▶ [Exercise brief] Retype the data below, every word of it, exactly.
···
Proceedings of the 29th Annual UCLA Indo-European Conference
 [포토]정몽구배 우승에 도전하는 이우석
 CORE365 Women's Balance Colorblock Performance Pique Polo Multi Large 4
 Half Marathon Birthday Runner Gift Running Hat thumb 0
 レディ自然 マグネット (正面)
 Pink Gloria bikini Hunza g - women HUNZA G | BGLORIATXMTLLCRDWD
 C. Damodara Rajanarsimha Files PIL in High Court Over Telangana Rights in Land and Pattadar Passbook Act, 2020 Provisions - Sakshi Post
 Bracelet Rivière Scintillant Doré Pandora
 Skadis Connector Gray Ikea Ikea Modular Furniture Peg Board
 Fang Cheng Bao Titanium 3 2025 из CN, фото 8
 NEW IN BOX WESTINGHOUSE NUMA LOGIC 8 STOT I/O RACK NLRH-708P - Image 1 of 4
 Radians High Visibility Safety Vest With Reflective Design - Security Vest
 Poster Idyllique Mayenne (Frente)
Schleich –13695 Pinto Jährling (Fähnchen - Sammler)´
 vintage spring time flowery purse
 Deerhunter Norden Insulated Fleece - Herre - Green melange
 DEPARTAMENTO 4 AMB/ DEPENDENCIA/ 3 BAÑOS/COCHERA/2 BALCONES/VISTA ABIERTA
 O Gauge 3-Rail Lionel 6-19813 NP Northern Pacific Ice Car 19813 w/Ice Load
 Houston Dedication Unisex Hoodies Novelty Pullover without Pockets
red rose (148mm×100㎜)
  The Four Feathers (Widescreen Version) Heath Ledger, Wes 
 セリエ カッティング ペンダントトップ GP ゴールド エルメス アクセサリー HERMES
···
▶ [Final answer]
Proceedings of the 29th Annual UCLA Indo-European Conference
 [포토]정몽구배 우승에 도전하는 이우석
 CORE365 Women's Balance Colorblock Performance Pique Polo Multi Large 4
 Half Marathon Birthday Runner Gift Running Hat thumb 0
 レディ自然 マグネット (正面)
 Pink Gloria bikini Hunza g - women HUNZA G | BGLORIATXMTLLCRDWD
 C. Damodara Rajanarsimha Files PIL in High Court Over Telangana Rights in Land and Pattadar Passbook Act, 2020 Provisions - Sakshi Post
 Bracelet Rivière Scintillant Doré Pandora
 Skadis Connector Gray Ikea Ikea Modular Furniture Peg Board
 Fang Cheng Bao Titanium 3 2025 из CN, фото 8
 NEW IN BOX WESTINGHOUSE NUMA LOGIC 8 STOT I/O RACK NLRH-708P - Image 1 of 4
 Radians High Visibility Safety Vest With Reflective Design - Security Vest
 Poster Idyllique Mayenne (Frente)
Schleich –13695 Pinto Jährling (Fähnchen - Sammler)´
 vintage spring time flowery purse
 Deerhunter Norden Insulated Fleece - Herre - Green melange
 DEPARTAMENTO 4 AMB/ DEPENDENCIA/ 3 BAÑOS/COCHERA/2 BALCONES/VISTA ABIERTA
 O Gauge 3-Rail Lionel 6-19813 NP Northern Pacific Ice Car 19813 w/Ice Load
 Houston Dedication Unisex Hoodies Novelty Pullover without Pockets
red rose (148mm×100㎜)
  The Four Feathers (Widescreen Version) Heath Ledger, Wes 
 セリエ カッティング ペンダントトップ GP ゴールド エルメス アクセサリー HERMES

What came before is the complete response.